En los medios de prensa aparecen el líder iraní Hasan Rohani, el dictador sirio Bashar al Assad, José Mujica, Rafael Correa, Evo Morales, Nicolás Maduro, Daniel Ortega, Cristina Kirchner y varios más que hablan sobre las “virtudes” del fallecido, pero sugestivamente ninguno lo destaca como un referente de la democracia, entre tantos elogios.
Cuba, un régimen donde no existe la libertad de expresión y quien opine en forma diferente al castrismo termina encarcelado, tampoco tiene elecciones democráticas; allí solo está permitido un único partido, el Comunista.
Amnistía Internacional ha señalado este sábado que “El estado de la libertad de expresión en Cuba, donde los activistas continúan enfrentando arrestos y hostigamiento por hablar en contra del gobierno, es el legado más oscuro de Fidel Castro”.
Durante más de cinco décadas documentando el estado de los derechos humanos en Cuba, Amnistía Internacional ha evidenciado una campaña despiadada contra aquellas personas que se atreven a hablar contra las políticas y prácticas del gobierno cubano.
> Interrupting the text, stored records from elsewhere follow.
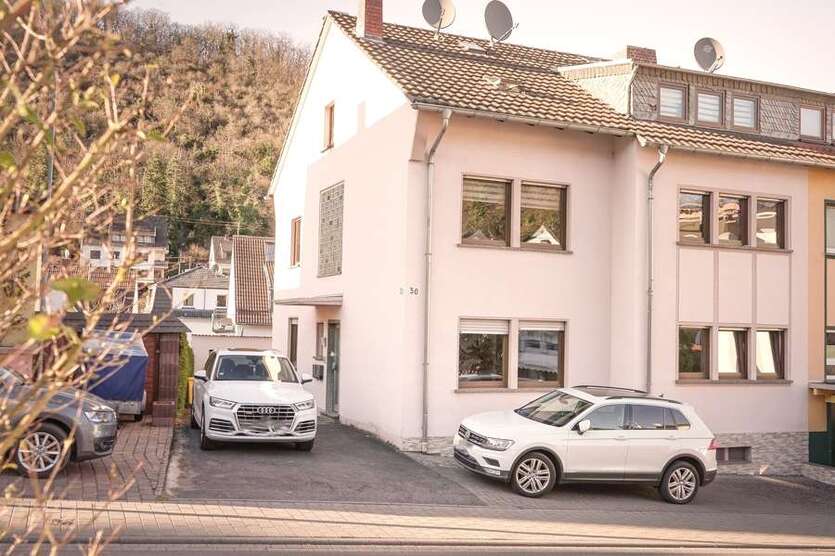 Haus zum Kaufen in Bad Breisig Niederbreisig 419.000 € 241 m²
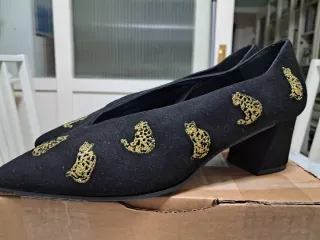 Zapatos de fiesta Argentia negros con estampado.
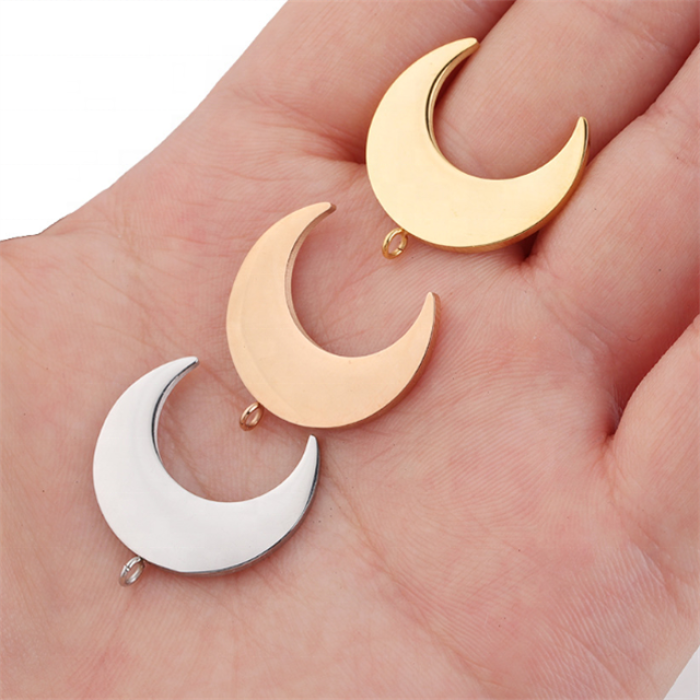 Nyaklánc félhold medállal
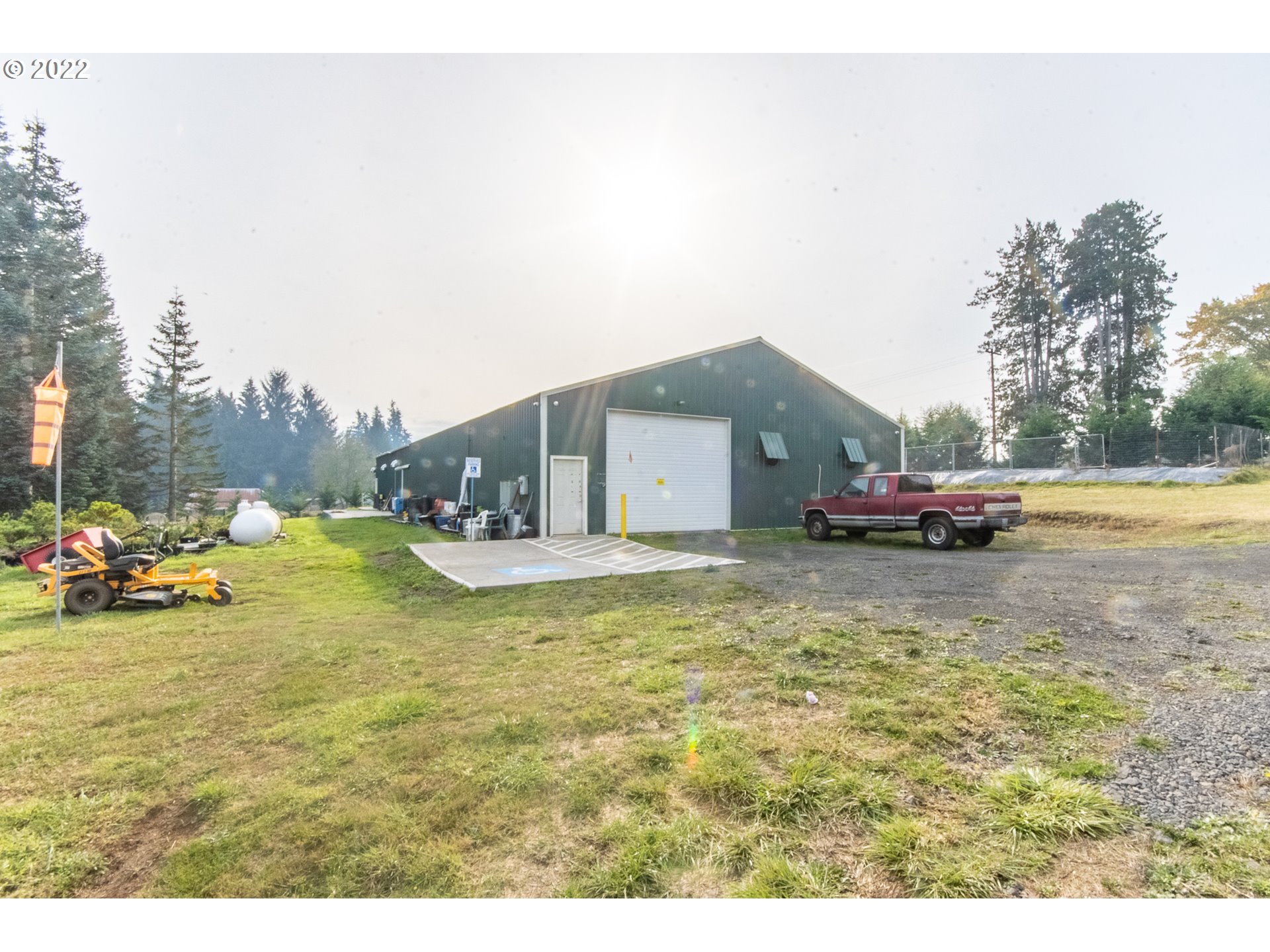 350 Bunker Hill Road Longview, WA 98632 - Photo 18 of 28 a swimming pool view with a outdoor seating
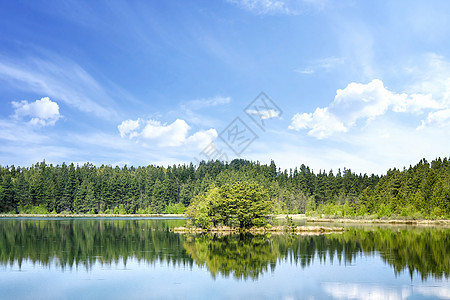 带树木反射的多彩湖风景图片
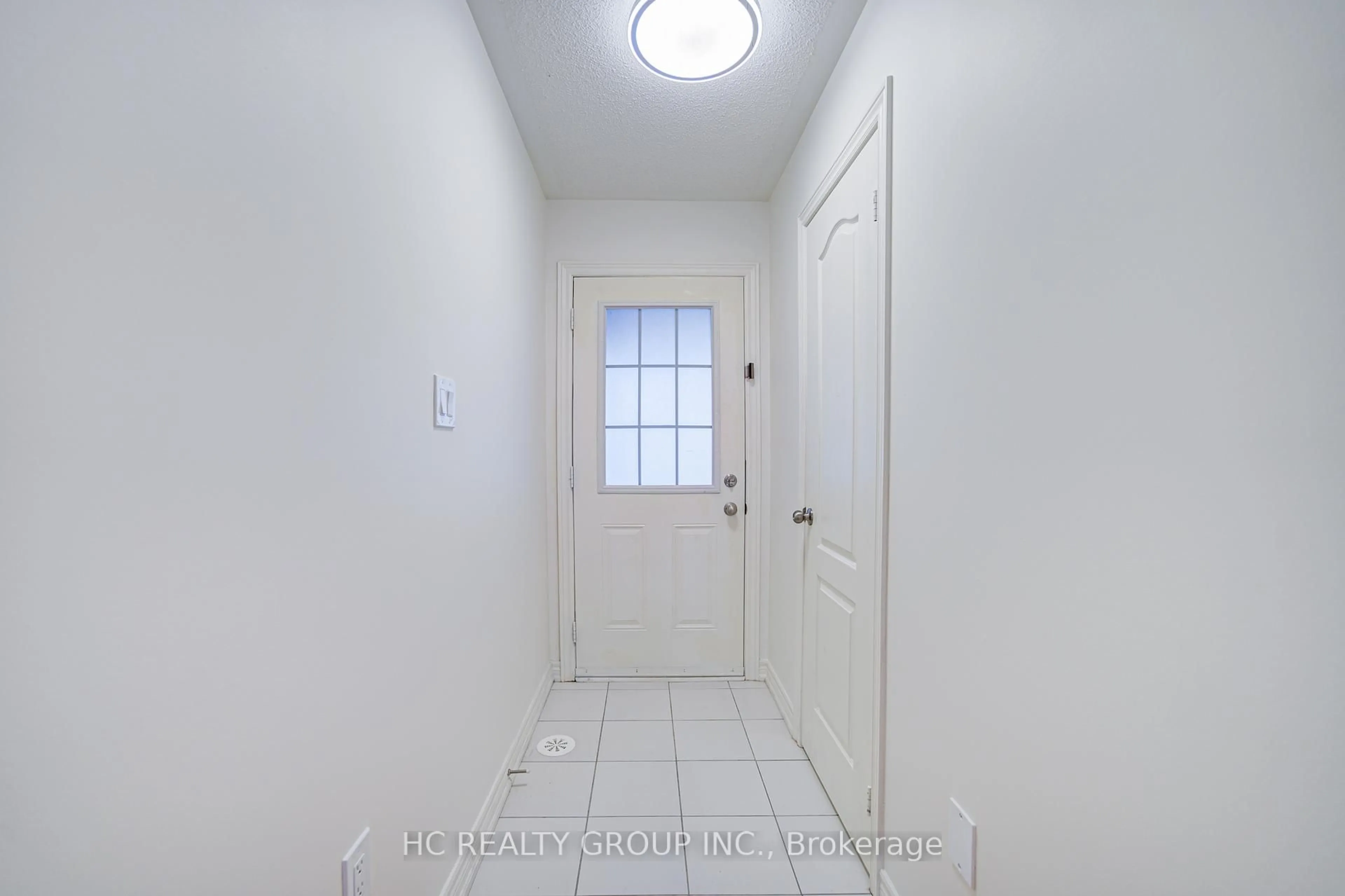 Indoor entryway for 158 Roy Grove Way, Markham Ontario L6E 0T7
La organización ha documentado cientos de historias de “prisioneros de conciencia”, personas detenidas por el gobierno por el solo hecho de haber ejercido pacíficamente su derecho a la libertad de expresión, asociación y agrupación.
Lo dicho, el llamar “demócrata” a alguien es el mejor elogio que se le puede hacer a un gobernante; está claro que ese calificativo no es para Fidel Castro.